En quittant la campagne, le train se faufile entre les bâtiments, les lotissements, des géants immobiles qui ne peuvent que regarder passer notre souple démarche. Nous passons au-dessus d’une rivière, en-dessous d’une autoroute, nous contournons vaguement un complexe de concessionnaires automobiles. Nous sommes un serpent qui chenille – ou l’inverse selon notre vitesse. L’origine du mot trajet le rapproche de la traversée. Nous fendons le paysage et les immeubles, et je nous suis parfois mentalement depuis le ciel, imaginant les wagons, les uns derrière les autres, épouser les courbes immuables de la ligne.

 

De ligne, le trajet en est plein. Celle de l’horizon qui se matérialise en petits points lumineux quand la nuit est tombée. Elle suit les courbes et les volumes du pays, là une route, çà un village, tant d’humains soit blottis chez eux soit frénétiquement mobiles, éclairés par l’abus de confiance dans notre système de production électrique. Je le suis aussi en prenant le train.

Une autre ligne est celle des voies, bien sûr. Quand je regarde le lourd et svelte véhicule approcher avant qu’il ne s’arrête pile devant moi, je regarde les reflets du jour naissant suivre deux traits aussi courbes que la planète, c’est-à-dire infiniment droits, surmontés d’un tunnel de vide transperçant le paysage alentour, maisons, arbres, routes et rivières, vallées et collines.

Les lignes sont aussi sur les visages autour de moi. Serrés, tout proches, bien au-delà des limites de la bulle individuelle de confort, on ne se regarde pourtant pas. Le moindre interstice entre deux épaules et le regard s’enfuie vers le lointain. Parfois, derrière la vitre, dommage, un mur de roches. Rien de spécial à voir. Alors on regarde ses lacets, son écran de téléphone, le genou d’en face ou la tache dans le dos d’un veston. Moi je regarde ces regards, je vois ces malaises et ces indifférences, je tente de lire entre les lignes d’un costume – un matin de bureau normal pour ce cadre quarantenaire –, d’un talon qui sautille – un rendez-vous important ? – ou d’une chevelure un peu emmêlée – un départ trop hâtif !

 

Dans ma classe de maternelle on avait dû représenter la semaine sur une frise horizontale où les jours se suivaient, linéaires. Arrivés au bout, l’humanité n’avait qu’à repartir à la case départ et se relancer à l’assaut de la semaine, la même qu’avant, avec le lundi en bleu, le mardi en jaune… Il n’y a rien de linéaire au temps ! On le voit faire le tour de nos montres, et toutes les 12 heures c’est reparti pour un tour.
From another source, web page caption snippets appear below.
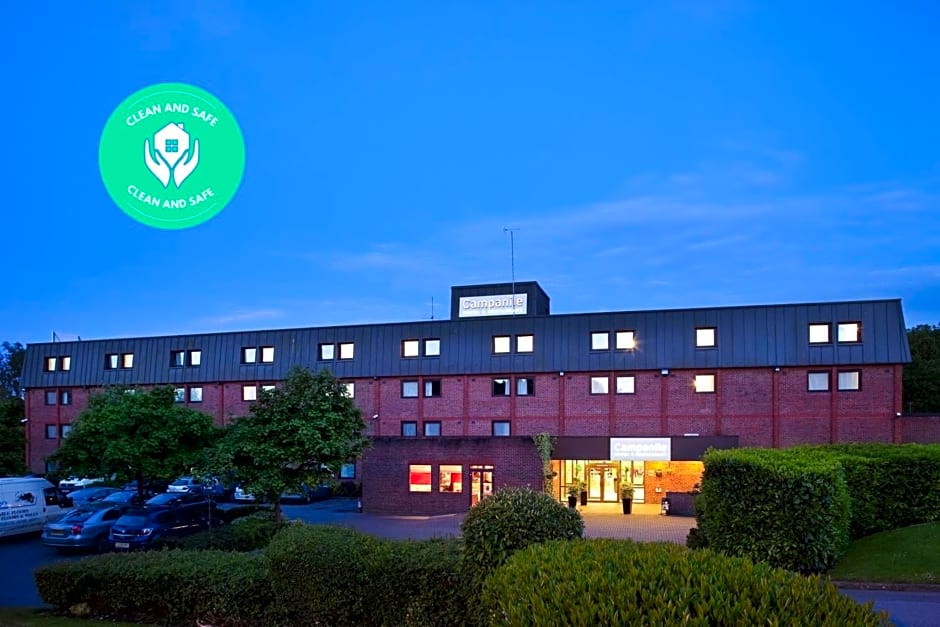 Campanile Hotel Swindon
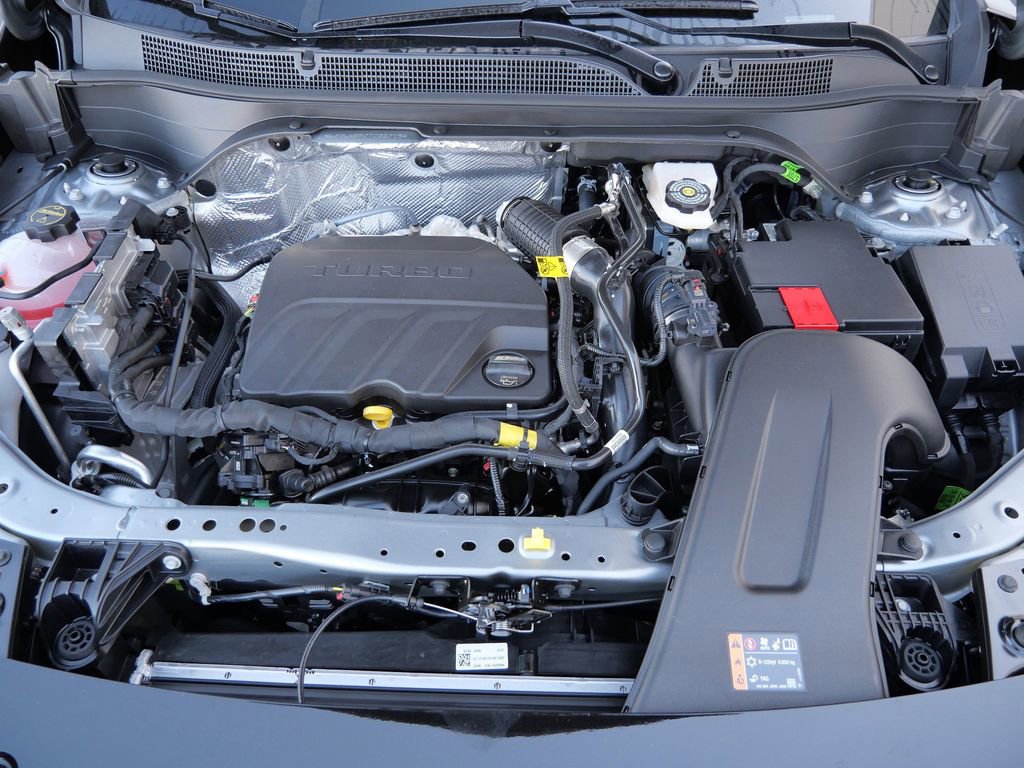 New 2026 Chevrolet Trax ACTIV w/ Driver Confidence Package image 12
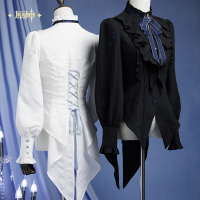 Furina Impression Series Long-Sleeve Fitted Shirt (6)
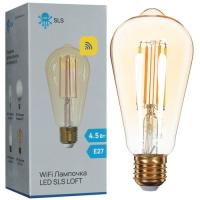 Купить Умная филаментная лампа SLS LED-12  9153597. Характеристики, отзывы и цены в Донецке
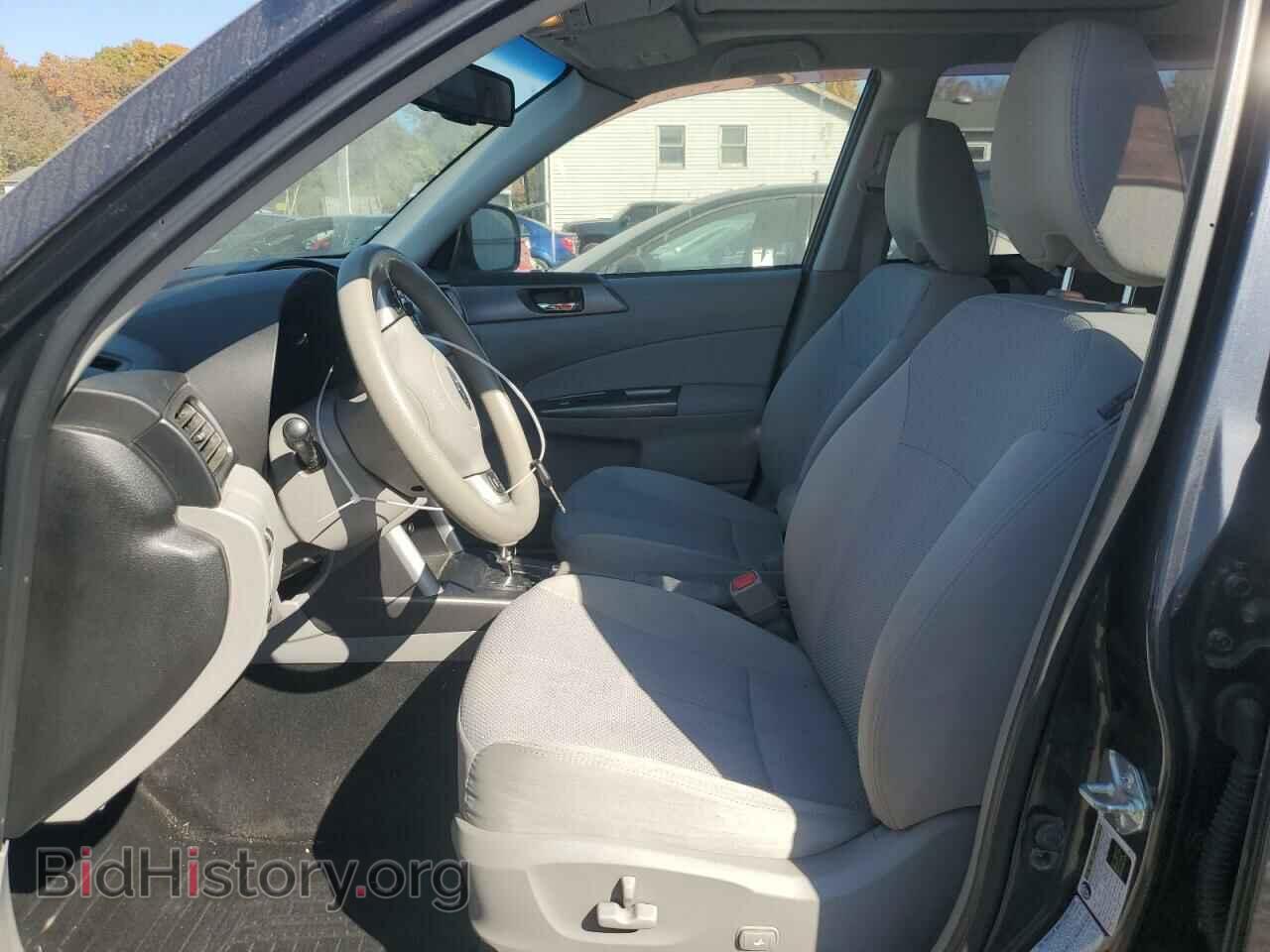 2012 SUBARU FORESTER - VIN: JF2SHADC4CH435221 - Фото 7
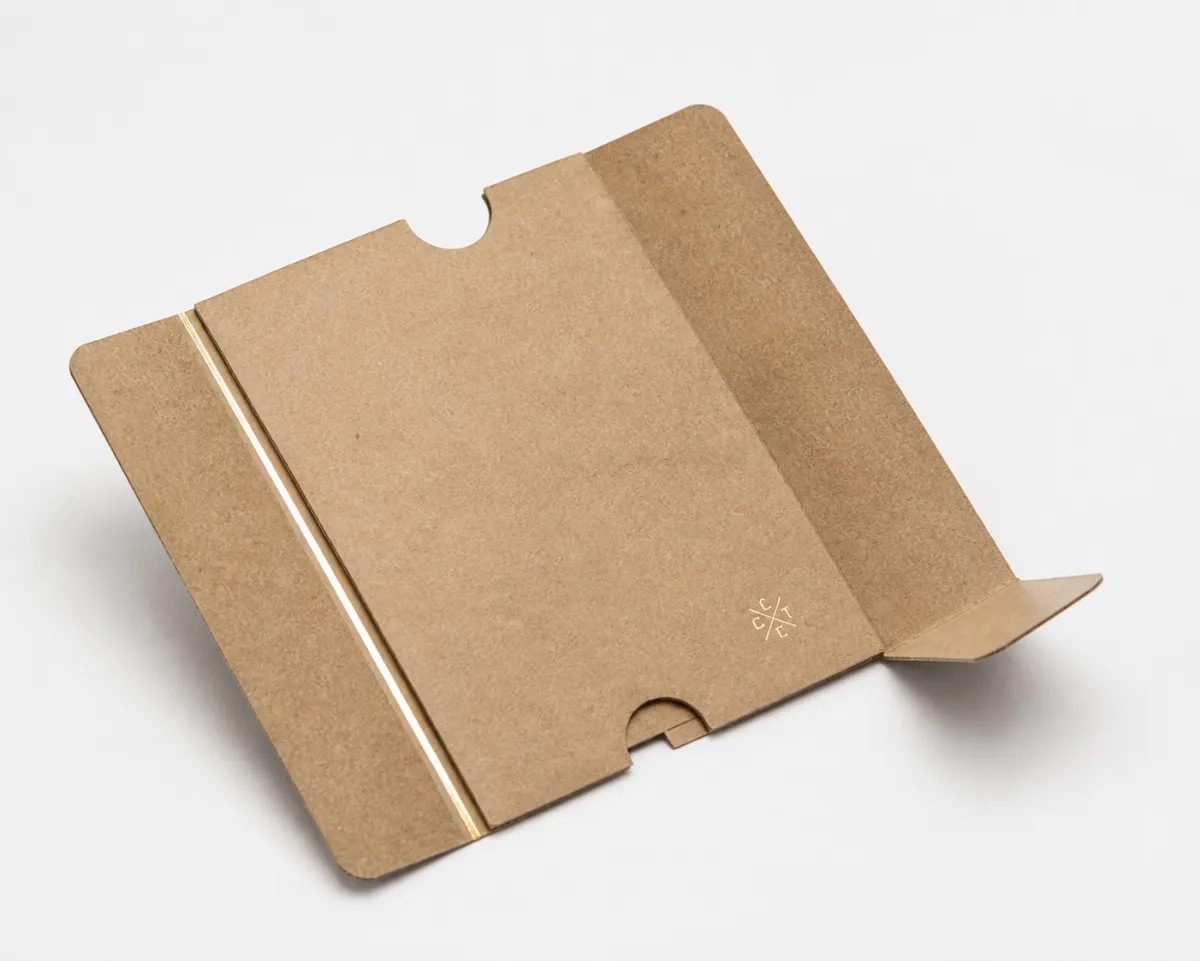 Wholesale Kraft Paper Inserts for Sustainable Packaging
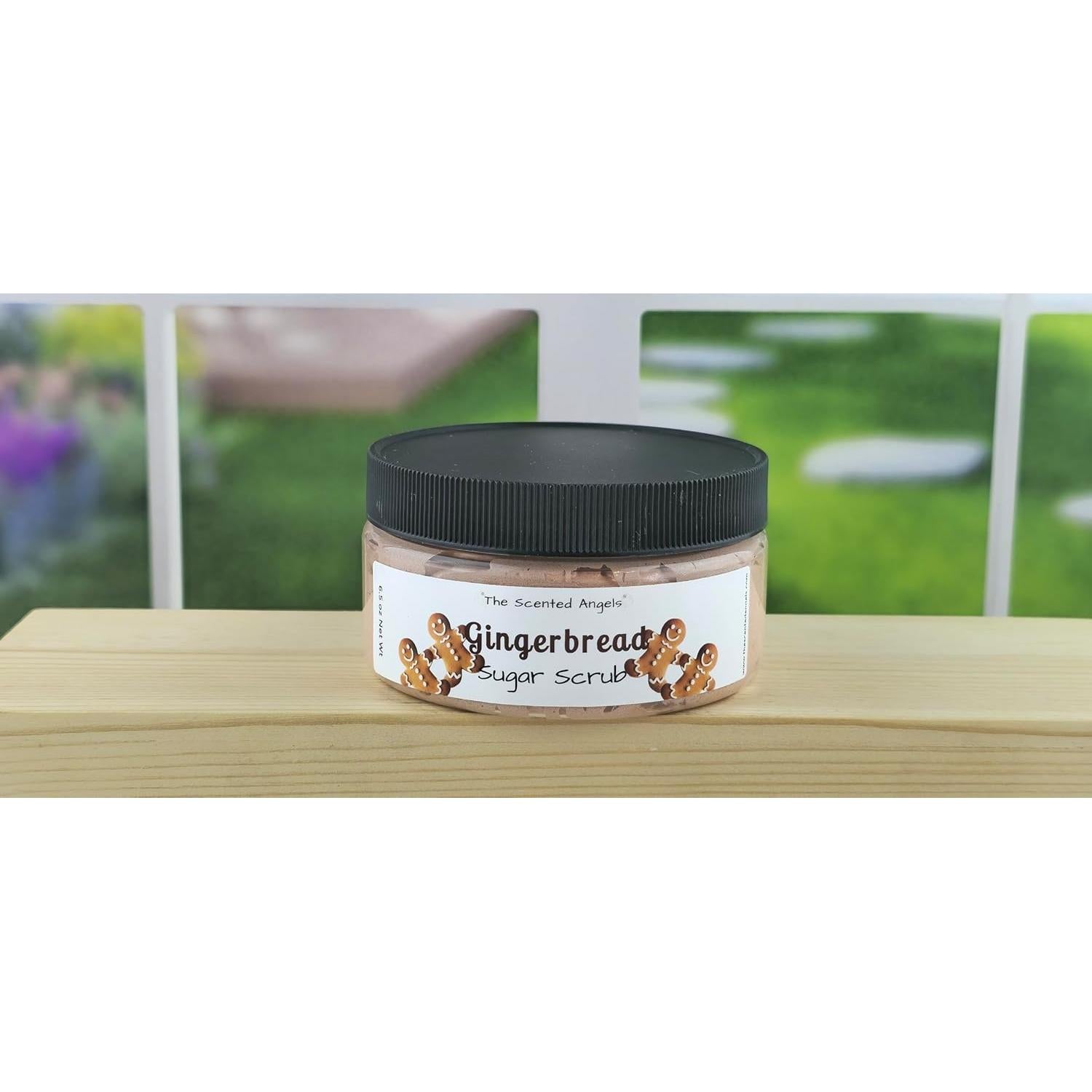 Exfoliante de Azúcar Lujoso TSA Pan de Jengibre 185.3 g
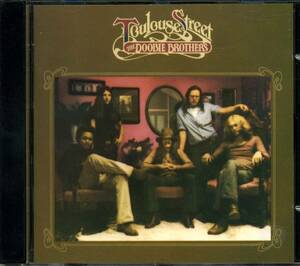 The DOOBIE BROTHERS★Toulouse Street [ドゥービー ブラザーズ,Tiran Porter,Patrick Simmons,Tom Johnston]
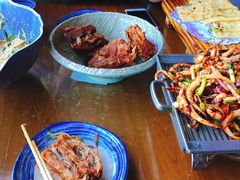 -95号酱骨·一块豆腐(展春园西路店)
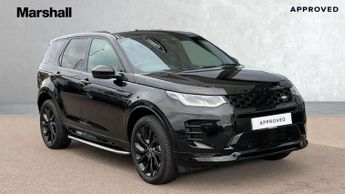 Land Rover Discovery Sport 2.0 D200 Dynamic HSE 5dr Auto [7 Seat]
Mais non : les secondes jamais ne se rencontrent ; il faudrait un cadran différent par heure, ou un décompte des heures non plus sur 12 mais sur 168 pour voir notre semaine comme un tout, 730 même si l’on prend le mois pour base, pourquoi pas 8 760 pour que l’année soit enfin une grande aventure ! On pourrait même proposer un cadran de 720 685 heures, basé sur l’espérance de vie moyenne en France. Quitte à choisir une ligne autant qu’elle soit complète. Il y en a que ça fait flipper de voir leur temps à vivre sur un écran ou sur un papier. On se dit : combien ai-je déjà grillé ? En ai-je vraiment profité ? Ou plus angoissant : combien me reste-t-il ? Peut-être prendrait-on davantage la mesure ou la valeur du temps.

 

Le temps, cette suite de points... sur une ligne.